Having been in the field of safety and operations for the past 20 years, I am happy to note that many excellent initiatives are being undertaken to reduce the number of workplace accidents in Singapore (Boosting safety at workplaces; Sept 7).
My work in this field has revealed that there is a crucial step which we often miss when ensuring that injuries are kept to an acceptably low level.
This step is the empowerment of workers to speak up and voice any issue of concern openly, without the fear of reprisal.
The managements of many organisations would be displeased or outraged if the lowest worker on the assembly line stops operations because he notices that something is not as it should be.
In the field of safety science, this worker is called the "sharp end worker".
These workers, even though sometimes considered "unskilled", are experts in their field, as they perform their tasks every day.

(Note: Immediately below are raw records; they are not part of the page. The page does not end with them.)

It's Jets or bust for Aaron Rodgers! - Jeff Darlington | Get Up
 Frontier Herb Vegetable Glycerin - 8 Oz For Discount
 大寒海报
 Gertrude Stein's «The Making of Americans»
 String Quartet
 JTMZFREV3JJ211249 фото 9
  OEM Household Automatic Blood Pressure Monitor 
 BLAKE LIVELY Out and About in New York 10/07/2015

They should be encouraged to voice their concerns with no fear of punishment or discrimination - this will help prevent accidents.
Safety officers need to listen to sharp end workers, encourage open discussions and facilitate meaningful and inclusive dialogue about safety issues at every level of the organisation.
Singapore has some way to go before we can reach this state.
There is a range of reasons for this, including the management not being well-informed about what's happening on the ground, and concerns that delays and demands stemming from these discussions could cost them time and, therefore, money.
However, it is heartening to see that safety is being brought to the forefront.
It is now time for a mindset shift and to see safety not just as volumes of documentation sitting in a manager's office, but as being, quite simply, about the way we work every day.